• _WHAT TO WORK ON_: Using the records below, copy exactly the part that opens with the line holding "upscale CLEAN GENTLEMEN ONLY - Image 3" and closes with the line holding "Boerendag_10082024_MaxDijkFotografie_045", minus the pictures.

• _RECORDS FOR THE EXERCISE_:

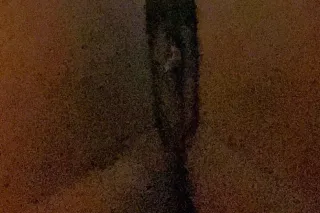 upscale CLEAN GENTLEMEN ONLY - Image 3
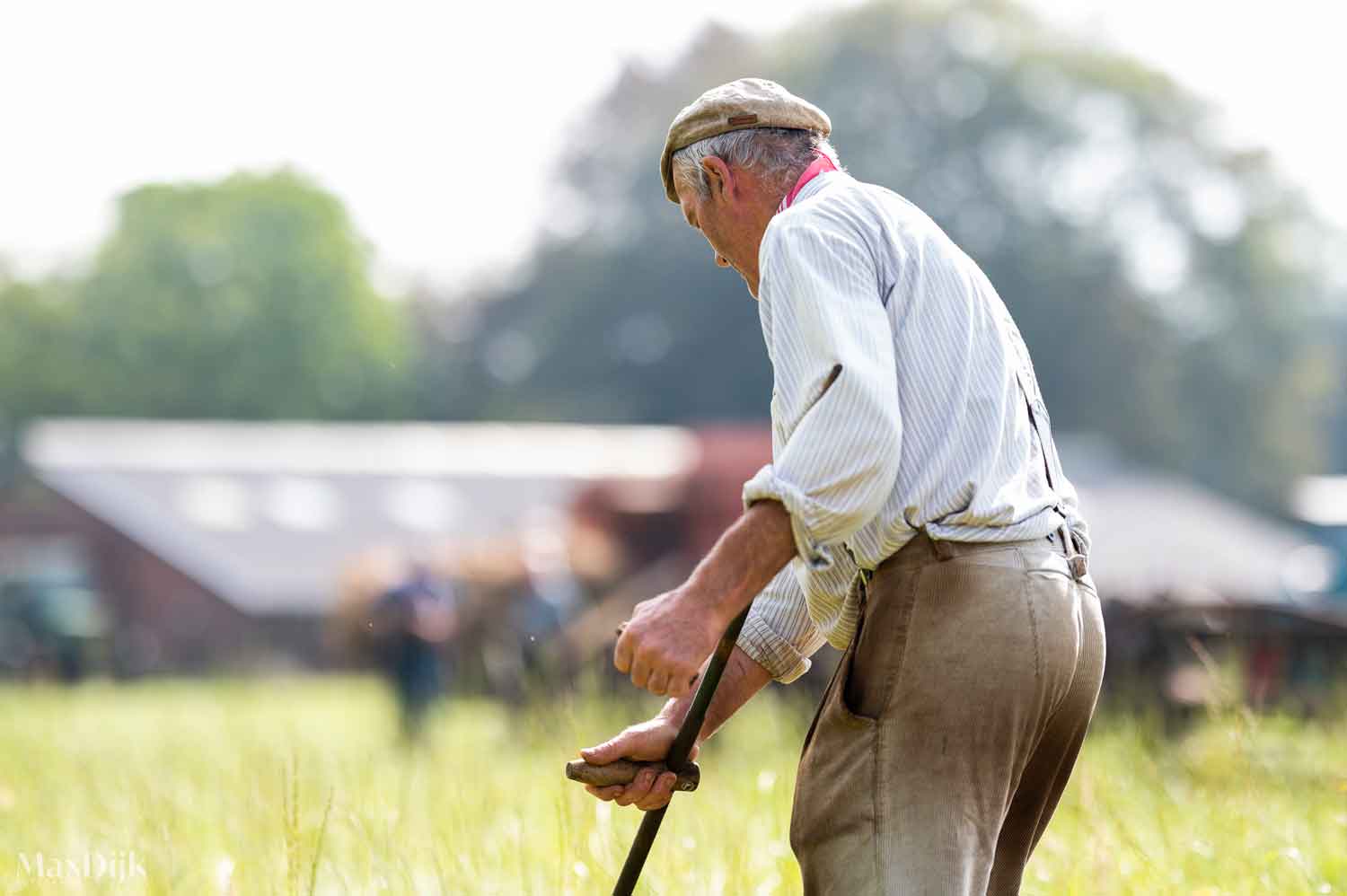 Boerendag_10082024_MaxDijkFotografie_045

* * *

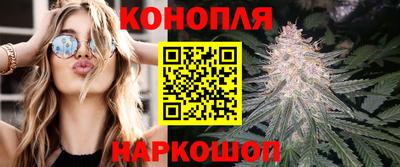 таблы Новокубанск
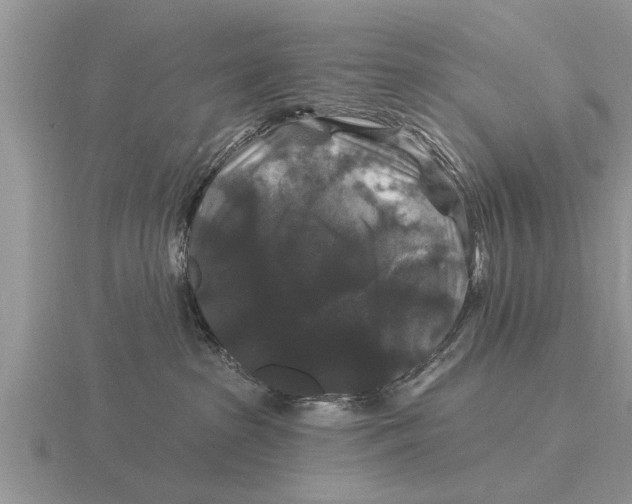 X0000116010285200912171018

• _REPLY TO THE EXERCISE_:
 upscale CLEAN GENTLEMEN ONLY - Image 3
 Boerendag_10082024_MaxDijkFotografie_045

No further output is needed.